**ABOUT THIS EXERCISE**.
Below this line are records; transcribe exactly the lines between the one holding "Embalaje Opp - 901" and the one holding "Cybex LEMO 4in1 SET Stunning Black", inclusive, and omit the pictures.

**MATERIAL FOR THIS TASK**.
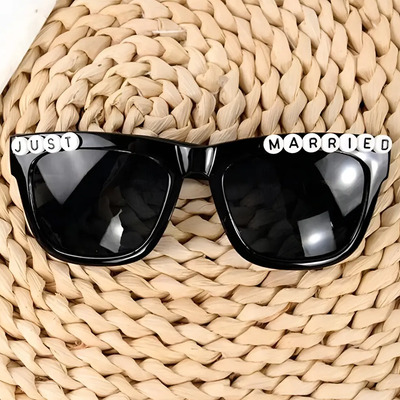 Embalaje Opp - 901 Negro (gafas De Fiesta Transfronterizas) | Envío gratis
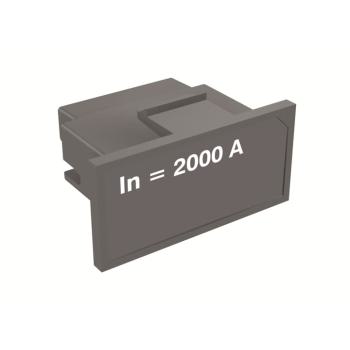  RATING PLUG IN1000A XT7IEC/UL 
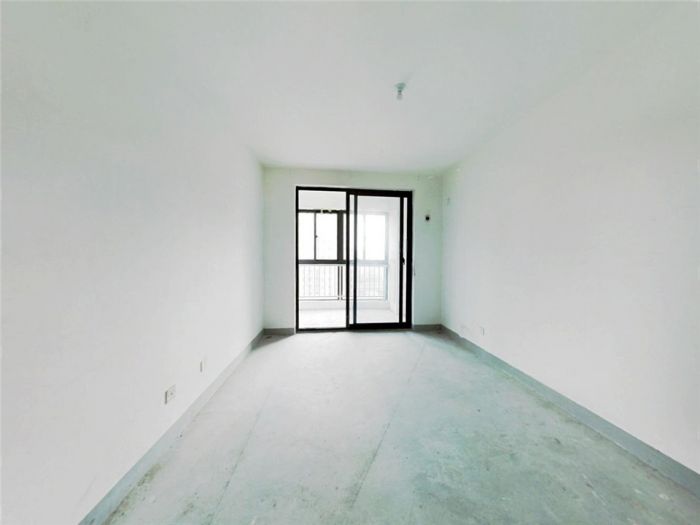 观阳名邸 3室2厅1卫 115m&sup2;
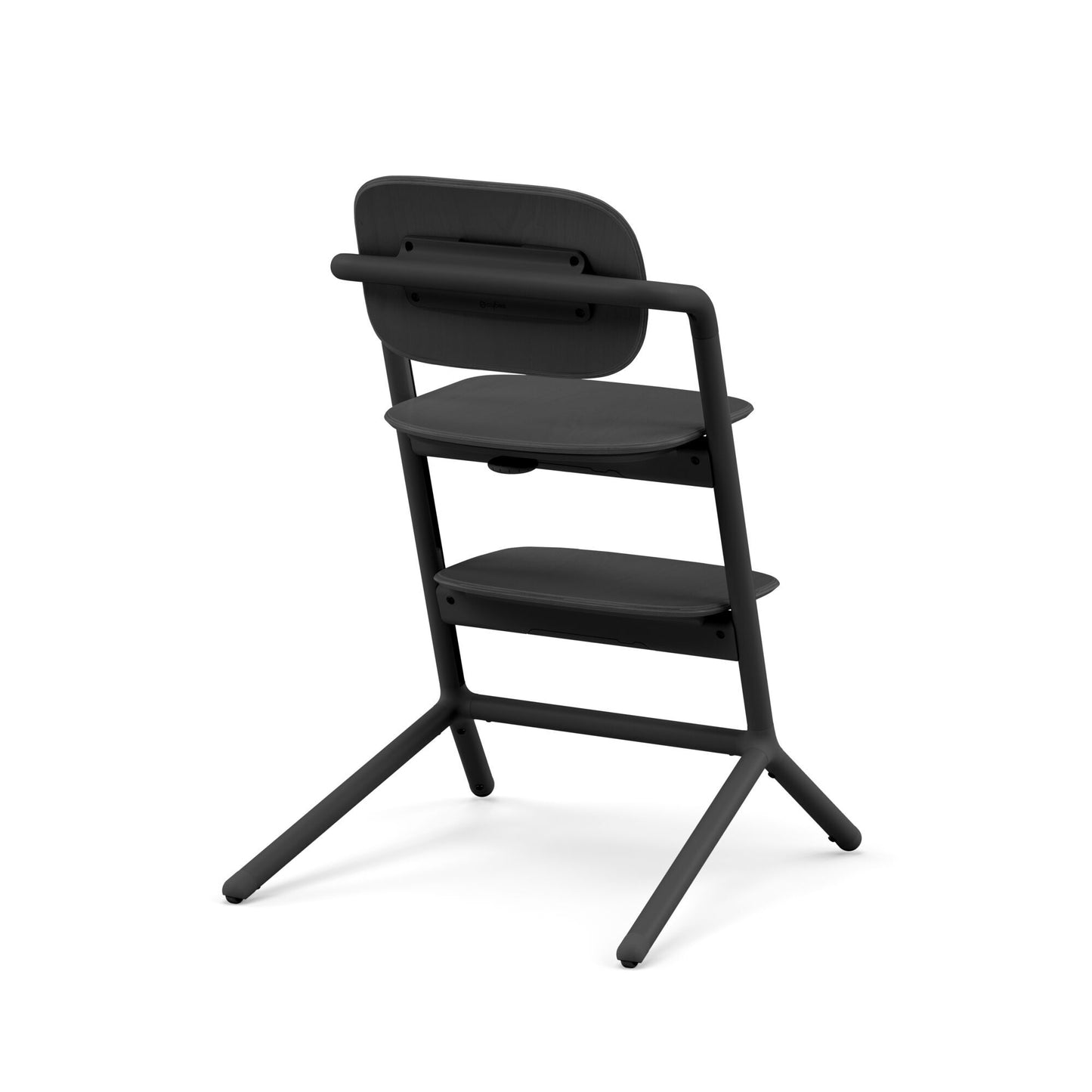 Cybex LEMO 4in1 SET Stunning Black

...

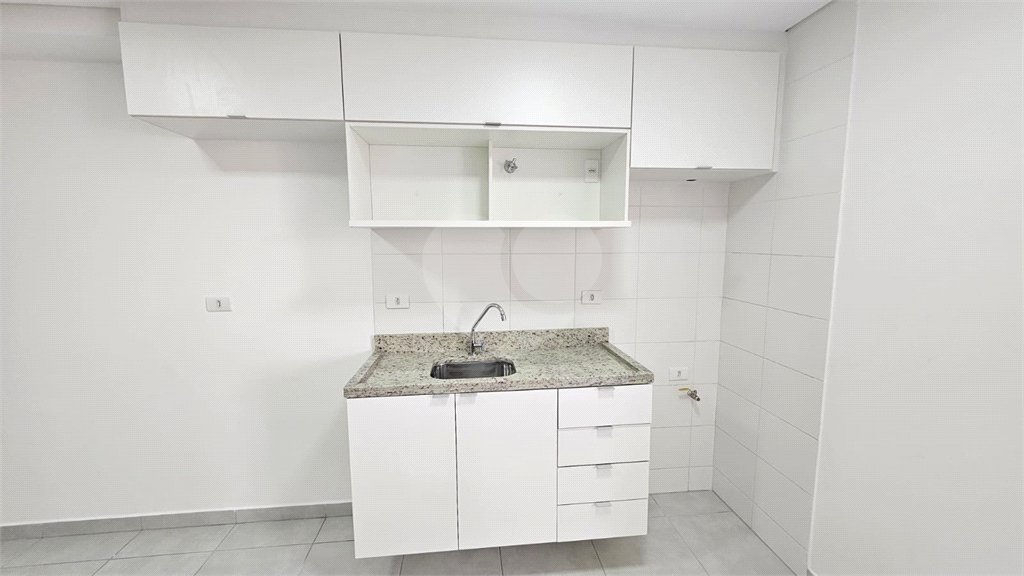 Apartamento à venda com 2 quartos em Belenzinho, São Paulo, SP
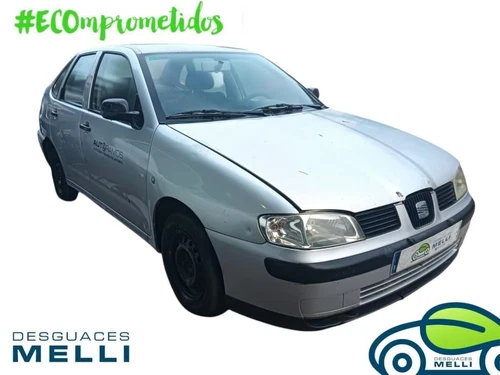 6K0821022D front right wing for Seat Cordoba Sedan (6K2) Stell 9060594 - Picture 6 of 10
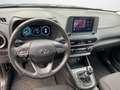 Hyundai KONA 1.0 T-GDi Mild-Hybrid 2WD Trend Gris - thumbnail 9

**TASK OUTPUT**.
 Embalaje Opp - 901 Negro (gafas De Fiesta Transfronterizas) | Envío gratis
  RATING PLUG IN1000A XT7IEC/UL 
 观阳名邸 3室2厅1卫 115m&sup2;
 Cybex LEMO 4in1 SET Stunning Black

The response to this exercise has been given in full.